Example 2: Creative Writing (High Temperature)

# Use temperature 1.5 for creative, varied stories
messages = [{"role": "user", "content": "Write a one-sentence sci-fi story."}]
response = litellm.completion(model="gemini/gemini-2.5-flash", messages=messages, temperature=1.5)
# Result: Different creative stories each time

Example 3: Balanced Chat (Medium Temperature)

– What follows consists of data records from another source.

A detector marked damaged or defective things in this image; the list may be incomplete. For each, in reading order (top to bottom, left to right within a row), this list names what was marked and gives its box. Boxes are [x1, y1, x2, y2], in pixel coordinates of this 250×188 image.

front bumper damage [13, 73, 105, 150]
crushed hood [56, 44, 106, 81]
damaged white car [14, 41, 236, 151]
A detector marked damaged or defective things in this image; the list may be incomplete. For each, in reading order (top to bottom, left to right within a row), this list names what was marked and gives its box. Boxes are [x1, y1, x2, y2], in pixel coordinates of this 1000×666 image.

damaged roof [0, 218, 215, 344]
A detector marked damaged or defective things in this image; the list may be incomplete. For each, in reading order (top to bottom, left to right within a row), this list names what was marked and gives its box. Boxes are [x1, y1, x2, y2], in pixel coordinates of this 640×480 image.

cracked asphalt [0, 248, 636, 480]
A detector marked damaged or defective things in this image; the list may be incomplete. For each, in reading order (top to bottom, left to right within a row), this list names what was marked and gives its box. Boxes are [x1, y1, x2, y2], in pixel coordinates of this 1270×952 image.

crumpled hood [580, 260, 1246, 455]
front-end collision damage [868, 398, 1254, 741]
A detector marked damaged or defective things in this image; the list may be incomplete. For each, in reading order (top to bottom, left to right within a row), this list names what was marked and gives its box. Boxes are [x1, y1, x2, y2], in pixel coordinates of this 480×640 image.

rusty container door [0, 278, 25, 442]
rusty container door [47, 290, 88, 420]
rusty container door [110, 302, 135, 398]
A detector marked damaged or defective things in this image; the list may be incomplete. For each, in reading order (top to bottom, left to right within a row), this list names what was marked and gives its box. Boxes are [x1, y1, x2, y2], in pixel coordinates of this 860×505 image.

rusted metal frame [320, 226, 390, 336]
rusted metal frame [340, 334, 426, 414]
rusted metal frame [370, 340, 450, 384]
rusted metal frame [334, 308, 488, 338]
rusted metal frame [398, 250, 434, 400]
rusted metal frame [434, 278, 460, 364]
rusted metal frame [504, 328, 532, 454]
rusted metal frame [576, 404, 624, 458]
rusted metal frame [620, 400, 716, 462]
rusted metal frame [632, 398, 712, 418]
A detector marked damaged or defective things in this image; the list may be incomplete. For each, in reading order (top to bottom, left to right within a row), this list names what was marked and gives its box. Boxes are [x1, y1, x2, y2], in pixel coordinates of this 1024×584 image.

# Use temperature 0.7-1.0 for natural conversation
messages = [{"role": "user", "content": "What should I cook for dinner?"}]
response = litellm.completion(model="gemini/gemini-2.5-flash", messages=messages, temperature=0.8)
# Result: Helpful suggestions with some variety

Best Practices

Start with 0.7 - Good default for most applications
Lower for consistency - Use 0.0-0.3 when you need reliable, repeatable results
Higher for creativity - Use 1.0-1.5 when you want diverse, creative outputs
Test your use case - Experiment to find the right balance
Avoid extremes - Values above 1.8 often produce incoherent text

Read more about temperature and other parameters.

Key Takeaways

✅ Temperature controls randomness (0.0 = deterministic, 2.0 = very creative)
✅ Use low temperature for factual, consistent responses
✅ Use high temperature for creative, varied outputs
✅ Most applications work best with temperature 0.7-1.0

What’s Next?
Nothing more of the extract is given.